4338.209 · July 28, 2018 AD
The Door That Closed
Karen Owen and Kain Jeffries reach the Portal to find it empty. Beatrix Cramer has already passed through with Duke's body, vanishing before Kain could reach her. The young man who had been trying to follow her stands motionless before the translucent screen, bleeding through his bandages, refusing to leave the only doorway between himself and the world where his fiancée carries their child. Karen cannot move him. She leaves to fetch help he may not accept.
The Portal stood five metres tall and offered nothing. Its translucent surface shimmered with a faint luminescence that might have been beautiful under other circumstances but which now served only to illuminate what was no longer there. Beatrix Cramer had passed through it moments before Karen and Kain arrived, carrying Duke's wrapped body into whatever lay on the other side, and the dimensional threshold had closed behind her with the indifference of a mechanism that did not distinguish between the passage of a Guardian and the severing of a young man's last visible connection to the world he had been torn from.
Kain stood before it as though the act of staring might reverse what had happened. His frame, already diminished by a night of blood loss and a morning of forced marches on a leg the lagoon had only partially restored, seemed to shrink further in the Portal's presence. The defiance that had propelled him away from the campfire, that had driven him to shake off Karen's restraining hand and limp across the dunes on feet still bare from the night's chaos, had spent itself in the final metres of a pursuit that ended with nothing but shimmering air. He had not been fast enough. His body, mauled and stitched and barely functional, had failed him at the one moment when speed was the only currency that mattered.
Karen stood beside him and did not speak. She had followed him across the terrain because letting an injured man walk alone into a landscape that had produced predators overnight was something her conscience would not permit, and now she remained because walking away from someone in this state was something her nature could not accommodate. The Portal remained silently between them, indifferent to the longing it had generated and the longing it had refused to satisfy. Somewhere on the other side of that screen was Earth, and on Earth was Brianne, six months pregnant with Kain's daughter, waiting for a man who had vanished from her life without explanation and who now stood bleeding in the dust of another dimension, unable to cross the threshold that separated them.
Karen's attention moved from the Portal to Kain's leg. The bandages Glenda had applied that morning were soaked through again, blood seeping in a slow, insistent bloom that testified to the damage his desperate chase had inflicted on a wound that had barely begun to heal. The lagoon's intervention had restored feeling and mobility, but the tissue beneath the stitches remained fragile, and the exertion of the morning had torn open whatever progress the water had achieved. Kain glanced at the stain when Karen pointed it out and looked away with the flat expression of a man who had catalogued the problem and filed it beneath concerns he considered more pressing.
He limped to the base of a sandy hill near the Portal and collapsed. The movement was not dramatic but final, the controlled surrender of a body that had been operating beyond its limits for hours and had located the precise point beyond which it could not be compelled to continue. He sat in the warm dust with his wounded leg extended before him and his gaze directed at the Portal's empty face, and the posture he assumed was not one of rest but of vigil. He was not leaving. Beatrix had gone through, and Beatrix would eventually come back, and when she did, Kain intended to be here. The crutches she might bring, the access to Earth she represented, the possibility however remote of reaching Brianne — all of it depended on remaining at this spot and waiting for a door that had closed to open again.

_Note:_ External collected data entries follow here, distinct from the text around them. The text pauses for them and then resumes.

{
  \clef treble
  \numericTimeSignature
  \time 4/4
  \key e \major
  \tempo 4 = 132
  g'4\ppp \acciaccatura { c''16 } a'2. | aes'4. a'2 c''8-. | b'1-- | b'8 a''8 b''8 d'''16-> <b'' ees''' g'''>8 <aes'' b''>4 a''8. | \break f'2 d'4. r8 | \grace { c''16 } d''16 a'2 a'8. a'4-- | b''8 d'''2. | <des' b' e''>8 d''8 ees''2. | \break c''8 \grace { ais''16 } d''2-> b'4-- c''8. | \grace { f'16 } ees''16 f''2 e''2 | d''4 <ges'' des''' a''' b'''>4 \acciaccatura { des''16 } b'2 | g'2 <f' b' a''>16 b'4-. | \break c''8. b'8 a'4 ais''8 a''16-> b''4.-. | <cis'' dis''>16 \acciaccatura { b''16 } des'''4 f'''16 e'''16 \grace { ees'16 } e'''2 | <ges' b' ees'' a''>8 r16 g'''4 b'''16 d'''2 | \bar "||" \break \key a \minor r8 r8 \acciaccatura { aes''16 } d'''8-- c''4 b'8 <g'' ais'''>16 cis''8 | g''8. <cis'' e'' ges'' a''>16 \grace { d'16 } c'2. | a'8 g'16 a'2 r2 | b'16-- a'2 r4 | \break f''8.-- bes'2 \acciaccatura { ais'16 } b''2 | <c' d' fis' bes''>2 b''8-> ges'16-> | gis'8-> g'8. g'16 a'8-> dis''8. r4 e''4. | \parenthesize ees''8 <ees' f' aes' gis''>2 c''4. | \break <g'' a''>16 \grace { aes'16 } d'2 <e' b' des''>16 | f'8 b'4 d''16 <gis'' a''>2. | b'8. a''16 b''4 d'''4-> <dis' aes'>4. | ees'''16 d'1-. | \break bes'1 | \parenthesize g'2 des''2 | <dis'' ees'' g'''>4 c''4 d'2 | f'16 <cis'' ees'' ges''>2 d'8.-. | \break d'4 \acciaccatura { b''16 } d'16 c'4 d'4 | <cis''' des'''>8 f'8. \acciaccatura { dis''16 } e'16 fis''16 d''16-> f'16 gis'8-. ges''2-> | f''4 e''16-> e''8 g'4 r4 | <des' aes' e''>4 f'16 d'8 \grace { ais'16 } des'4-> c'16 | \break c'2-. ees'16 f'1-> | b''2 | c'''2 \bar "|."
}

Karen tried to move him. The attempt was gentle but insistent, her hands finding his arms, her voice carrying the particular urgency of a woman who understood that a bleeding man sitting alone in exposed terrain was a problem that would worsen with every hour it was left unaddressed. Kain refused. The refusal was quiet, absolute, and delivered with the particular stubbornness of someone whose remaining dignity resided entirely in the exercise of the one choice he still controlled: where he sat, and whether he moved. He had been carried to the lagoon against his will. He had been restrained at the campfire. He had been too slow to reach Beatrix, too weak to follow Jamie, too damaged to be anything other than a burden that others transported between locations they deemed appropriate. This, at least, he could decide for himself. He was staying.
Karen recognised the impasse for what it was. She had raised enough stubborn people and navigated enough institutional resistance to understand the difference between a man who could be persuaded and a man who had converted his pain into a fortification. Kain was behind his walls, and no amount of practical argument would breach them. She told him she was going back to camp to fetch Glenda and medical supplies. The announcement was a compromise that preserved her responsibility without requiring his cooperation: she could not force him to move, but she could ensure that the help he needed would come to him rather than waiting for him to come to it.